Norrington's love of Liszt uplifts S.F. Symphony


  • WHAT: The San Francisco Symphony presents Liszt's "A Faust Symphony," "Totentanz" and "Funerailles," Roger Norrington, conductor, Konstantin Lifschitz , piano soloist
  • WHEN: 8 tonight
  • WHERE: Davies Symphony Hall, 301 Van Ness Ave., S.F.
  • HOW MUCH: $29-$85
  • CALL: 415-864-6000

    By Georgia Rowe

    Today, Franz Liszt is remembered as a great pianist and a 19th-century figure of almost rock star proportions, but he's hardly ever mentioned as a symphonist. Yet it was the Hungarian composer's latter aspect that visiting conductor Roger Norrington illuminated so brilliantly in Thursday's San Francisco Symphony program at Davies Symphony Hall.

    In his first guest appearance at the symphony's podium since 1998, the English conductor led a massive yet beautifully detailed performance of "A Faust Symphony." The all-Liszt program, which repeats tonight at 8, also includes two of the composer's famous keyboard works -- "Totentanz" for piano and orchestra, and "Funerailles" for solo piano -- with Ukranian pianist Konstantin Lifschitz as soloist.

    Norrington, who has in past seasons presided over S.F. Symphony performances of Beethoven, Mozart and Mendelssohn, shaped the "Faust Symphony" with a masterful hand. Composed for large orchestra, men's chorus and tenor soloist, the 70-minute work may strike some as a perfect example of Romantic excess. Yet there was much to savor in this conductor's dramatic, eloquent and superbly paced reading.

    Absent from the symphony's repertoire since 1973, this version of the Faust legend may also come as a revelation to many of those already familiar with Goethe's verse drama, or with Berlioz's "La Damnation de Faust." "A Faust Symphony" is written in three long movements (leading some to argue that it's a symphony in name only), titled "Faust," "Gretchen" and "Mephistopheles," after Goethe's text. The fourth movement, a choral finale, was added several years later.

    Each movement is distinct in character, and Norrington traced a cohesive line from one to the next. There were thrilling episodes of pinpoint unity from the violins in the "Faust" movement; the brass blared convincingly, and the brooding low strings added to the atmospheric conditions. There were lovely contributions from the woodwinds in the "Gretchen" movement, which contains the symphony's most unabashedly Romantic writing. And the turbulent scherzando music of "Mephistopheles" was incisively played.

    In the finale, the men of Vance George's Symphony Chorus sang with great power and sensitivity, and the soloist, tenor John Mark Ainsley, dispatched his part with flair.

    The evening's other soloist was just as impressive.

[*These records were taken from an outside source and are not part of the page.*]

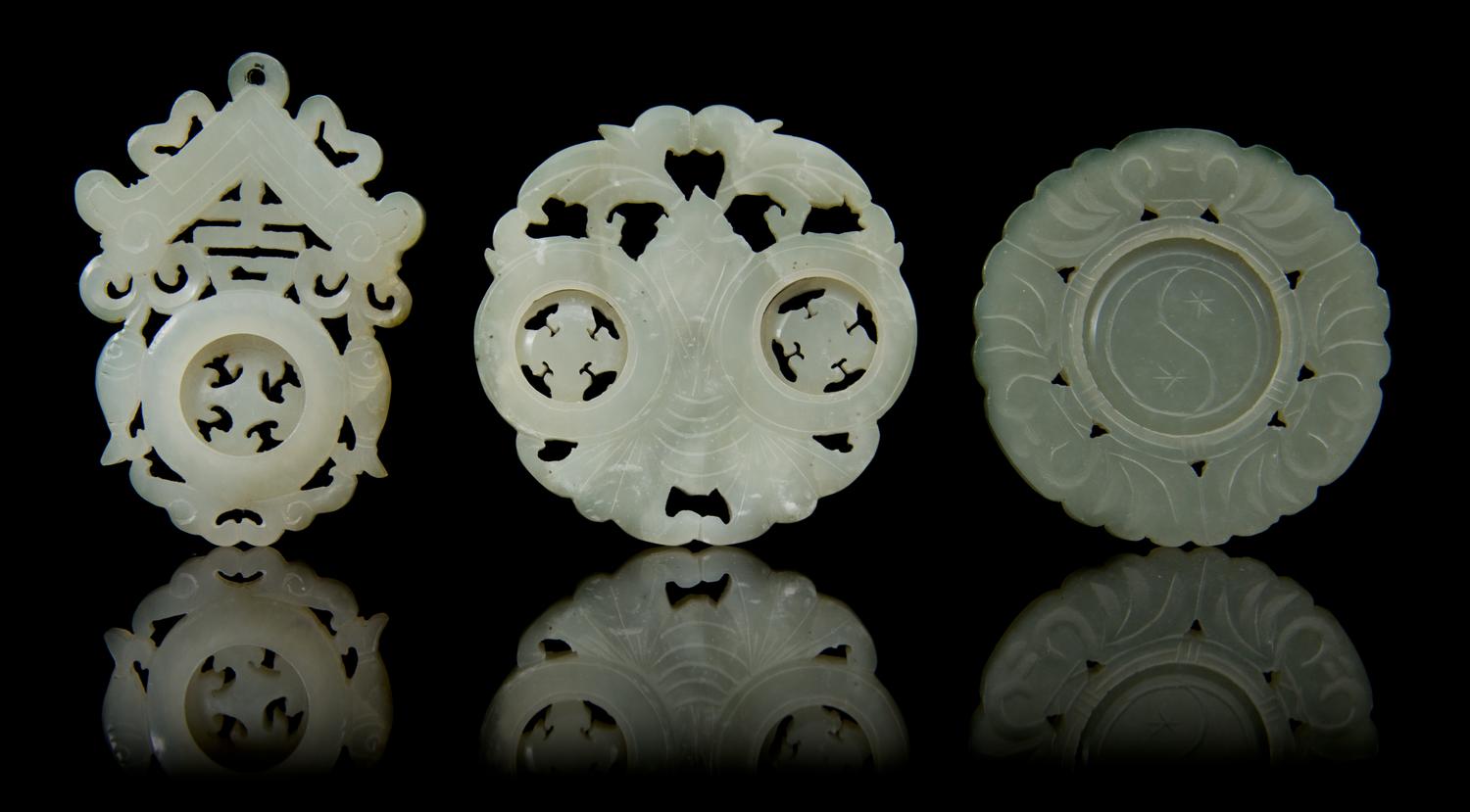 Three Carved Jade Pendants Diameter of first 2 1/8 inches.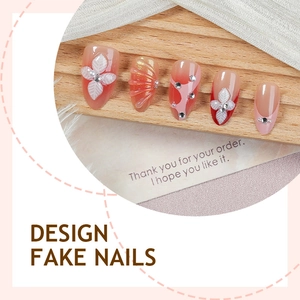 Handmade almond press-on nails with 3D floral relief, pearls, and sparkling rhinestones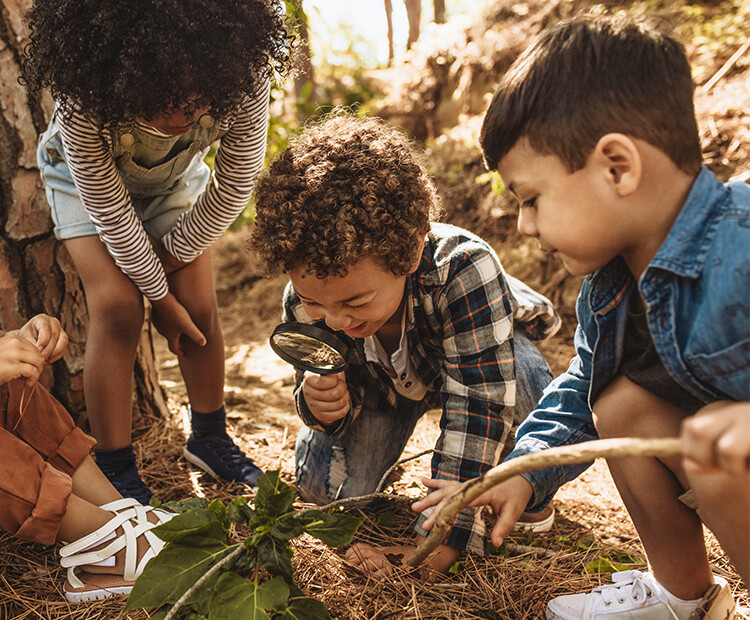 Kids exploring outdoors with magnifying glass.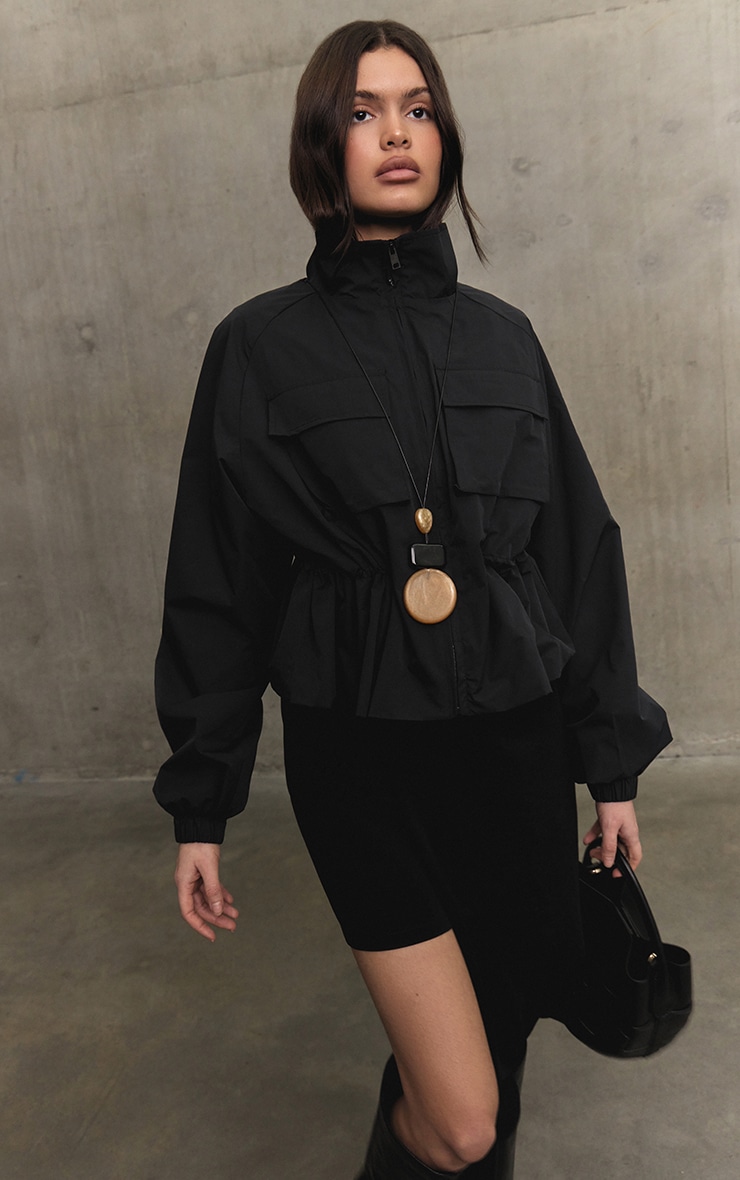 Black Cinch Waist Pocket Detail Rain Coat image 1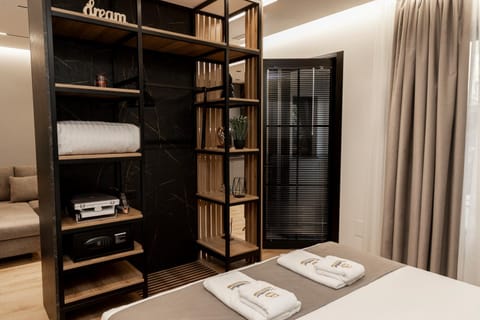 Bed, Library, flat iron, safe, towels, wardrobe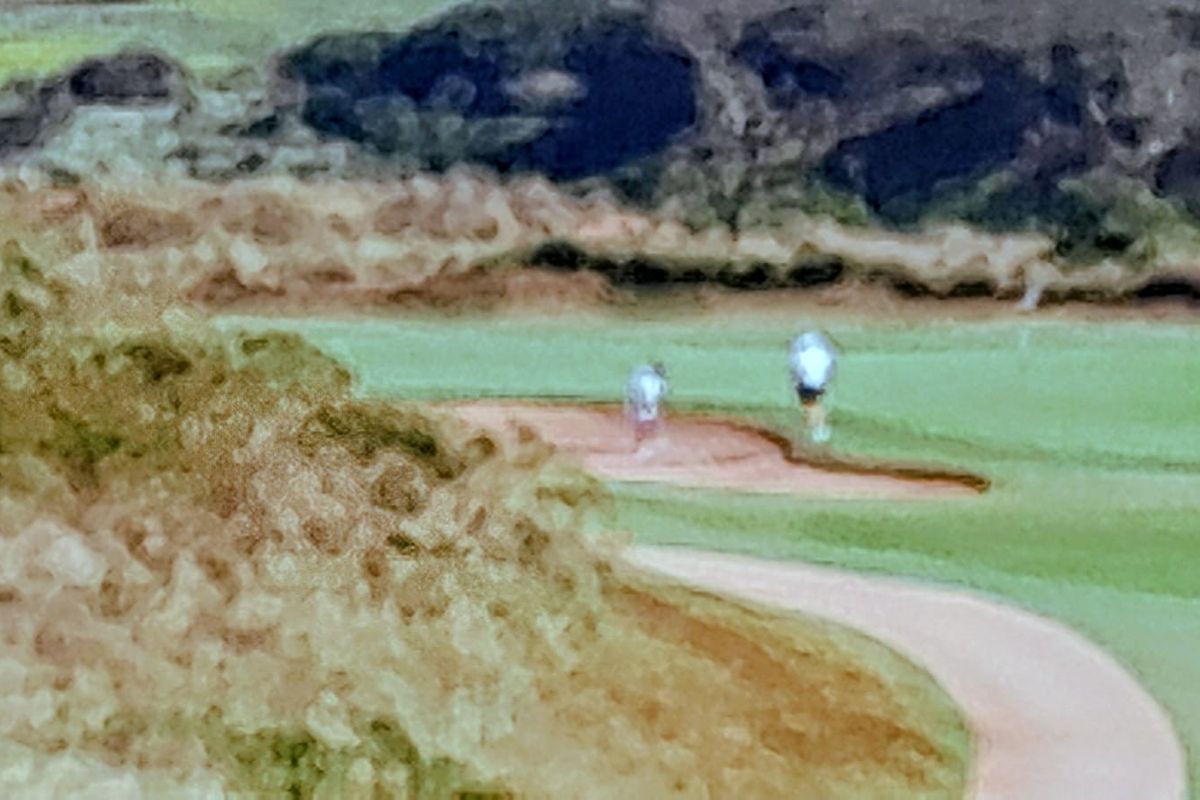 A view of a golf course fairway and sand bunker.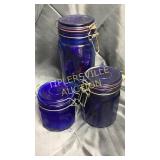 Cobalt canisters tallest full of cookie cutters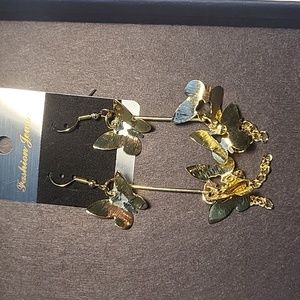 gold butterfly earrings.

Lifschitz, who makes his S.F. Symphony debut on this program, brought formidable technique and a great deal of poetic temperament to Liszt's "Totentanz" (Dance of Death). Its variations -- which are based on "Dies irae," the 13th-century Latin chant outlining the Last Judgment -- include a quote from Berlioz's "Symphonie fantastique," and range from profoundly introspective to fiercely flamboyant. Norrington seemed to relish each emotional shift, and Lifschitz plumbed the depths with focused intensity.

    The pianist also found a deep well of feeling in "Funerailles," the brief yet potent solo work Liszt composed shortly after the death of Chopin. It was a transcendent performance, and one of the best things about it was watching Norrington, seated in a chair behind the violins, listening with rapt attention to this very gifted young artist.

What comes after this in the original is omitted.